Back in February, I confessed my hopeless case of reading overload — anxiety over my inability to keep up with the ceaseless flow of magazines, newspapers, internet articles and books. Never. I will never keep up. Not even if I quit my job, smashed my TV, subsisted on delivery pizza and never lifted my eyes from the page.
Apparently I'm not alone. Many of you wrote to empathize and offer strategies for managing the problem — i.e., focusing. I'll share those in a moment.
But first, an announcement: I've found the miracle cure.
It's called Preparing Your Home to Sell. First, downsize. Jettison everything you don't want. Then get a real estate agent's advice on staging your home for potential buyers.
Downsizing is arduous but satisfying. You tackle a crammed bookcase, boxing up everything you can live without.
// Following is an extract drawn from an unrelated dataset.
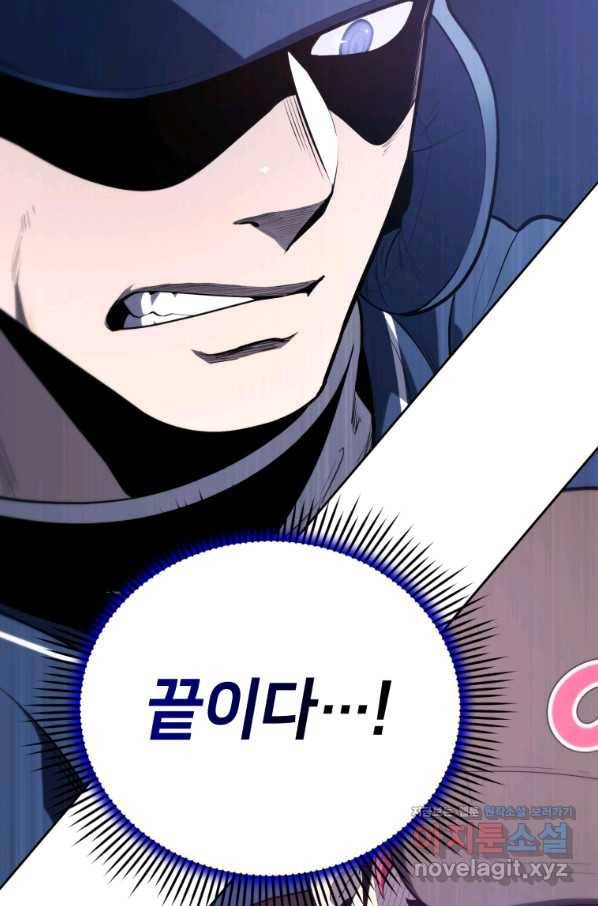 마운드 위의 절대자 30화 4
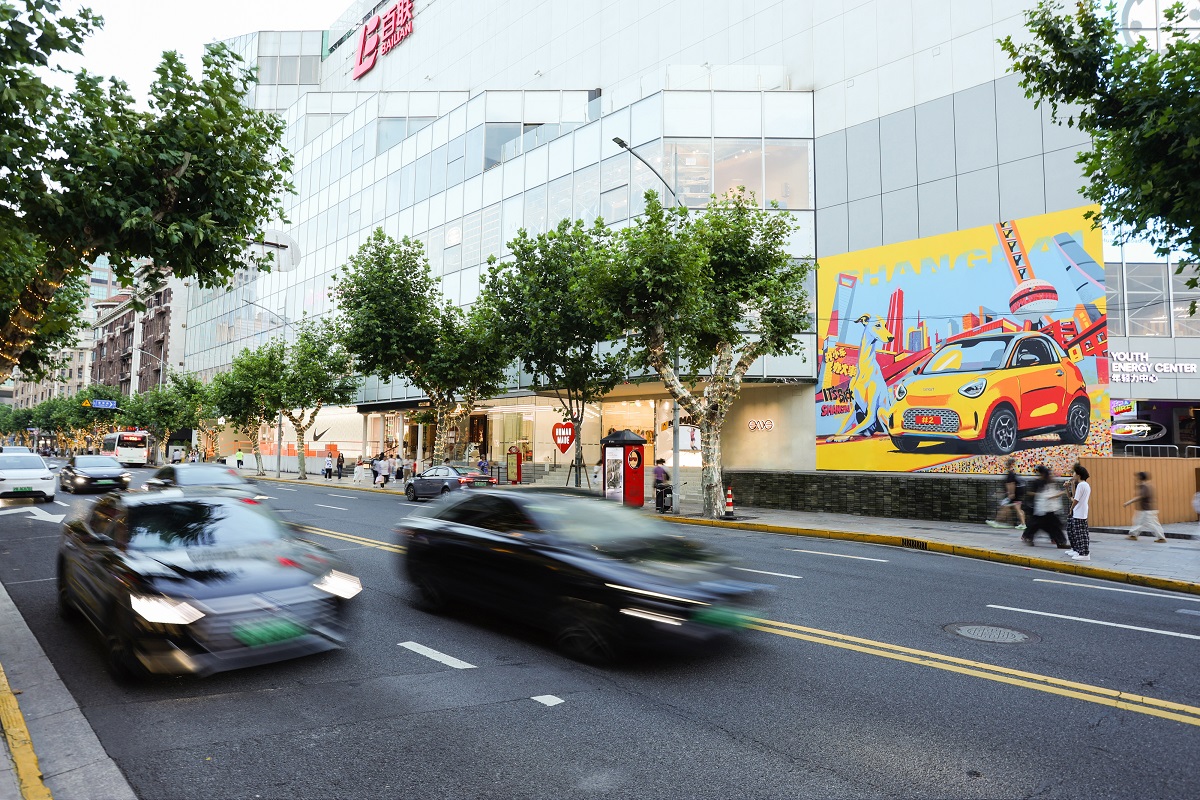 smart-hashtag2-mural-shanghai-2026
You stand back and admire how neatly the remaining titles — the ones you cherish — line the shelves.
Then the real estate agent breezes through and tells you to lose the whole bookcase.
Now apply this ruthless system to reading. Know that your Realtor would cast a cold eye not just on that book you've already read, but on that one published five years ago to great reviews that you've never opened. The Realtor is being, well, Realistic. The truth is, you're bound to live your life missing books that you'd probably love. Enough to fill many, many bookcases.
Readers, meanwhile, offered great suggestions: Get audiobooks. Use the library. Scan magazines' table of contents, tear out interesting articles, discard the rest and never look back. Keep the torn-out articles handy for long lines at the DMV. Accept that a full life need not include reading "Moby-Dick" or "Infinite Jest."